(Stored items)
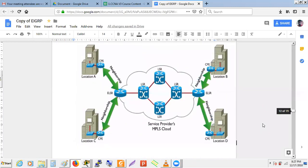EIGRP can also be implemented on MPLS networks. There are L3 MPLS VPNs and L2 MPLS VPNs. In L3 MPLS VPN, neighbor relationships must be formed with edge label switch routers.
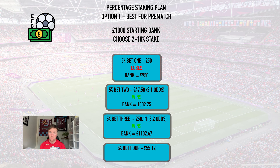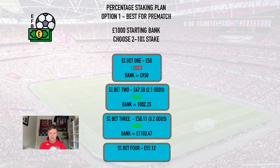I say this is best for pre-match because you've got to work out the five percent each time. When you're doing in-play betting every second counts, and if you're wasting a few seconds working out five percent, something could happen in the game and you've missed your opportunity. The best thing about using percentages is that as you're building your bank your stake increases with it, and if you lose a few bets in a row your stake reflects that — so you've got a much better chance of not blowing your bank.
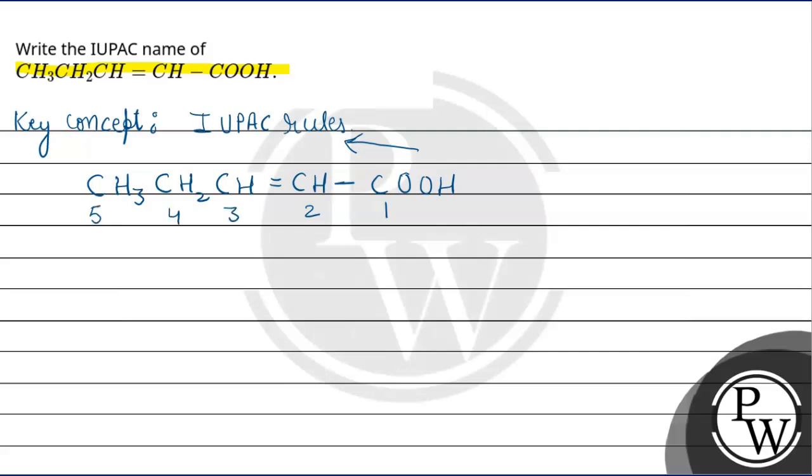One more important thing. When carboxylic acid is as a functional group, we count the carbon in total number of carbons and in main chains.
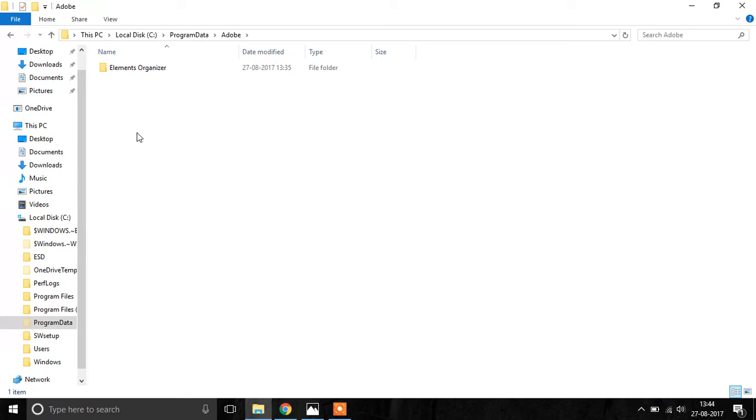There's this structure called Adobe and under that Elements Organizer, and these folders are supposed to be in your Program Data, but for some reason they are not created and due to which your installation is unable to find these folders and the app crashes.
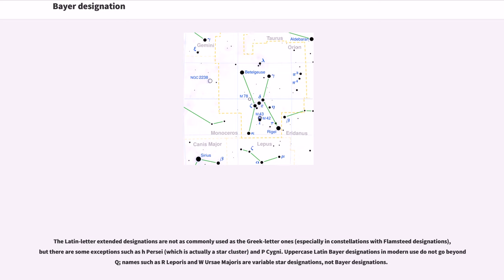Uppercase Latin Bayer designations in modern use do not go beyond Q. Names such as R Leporis and W Ursae Majoris are variable star designations, not Bayer designations.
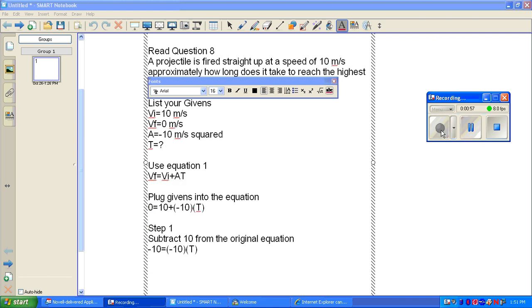Step 1. Subtract 10 from the original equation. Your equation now should be negative 10 equals negative 10 times T.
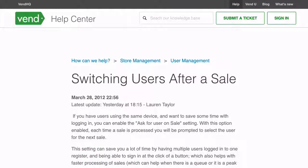In addition to setting up your users and their roles, you can enable additional security features in your Vend account. To learn more about this, please see this article on the Help Center.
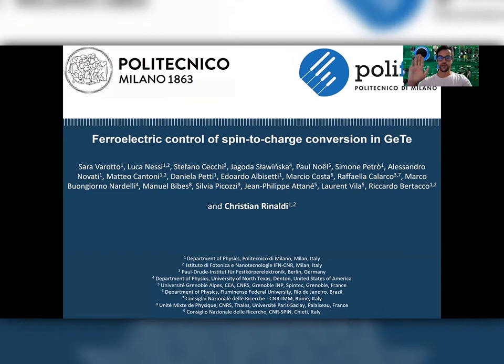Hello everyone. I am Cristian Rinaldi from Politecnico di Milano, and today I will talk about the ferroelectric control of spin-to-charge conversion in germanium telluride.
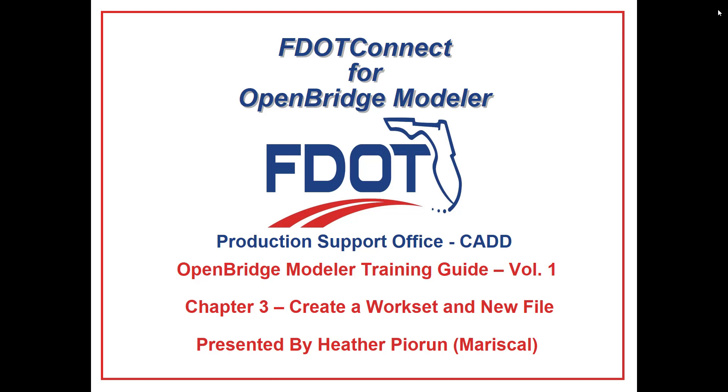Welcome to the CAD Office Training Guide Series for FDOT Connect. I'm Heather Peorin, Structural Engineer at WSP USA. Today I'll be going through the OpenBridge Modeler Training Volume 1, Introduction to Model-Centric Design.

**Work request**
Needed here is only the span from the line with "In addition to" through the last line of the entries, copied exactly with both ends and without pictures.

**Solution to the problem**
In addition to setting up your users and their roles, you can enable additional security features in your Vend account. To learn more about this, please see this article on the Help Center.
Hello everyone. I am Cristian Rinaldi from Politecnico di Milano, and today I will talk about the ferroelectric control of spin-to-charge conversion in germanium telluride.
Welcome to the CAD Office Training Guide Series for FDOT Connect. I'm Heather Peorin, Structural Engineer at WSP USA. Today I'll be going through the OpenBridge Modeler Training Volume 1, Introduction to Model-Centric Design.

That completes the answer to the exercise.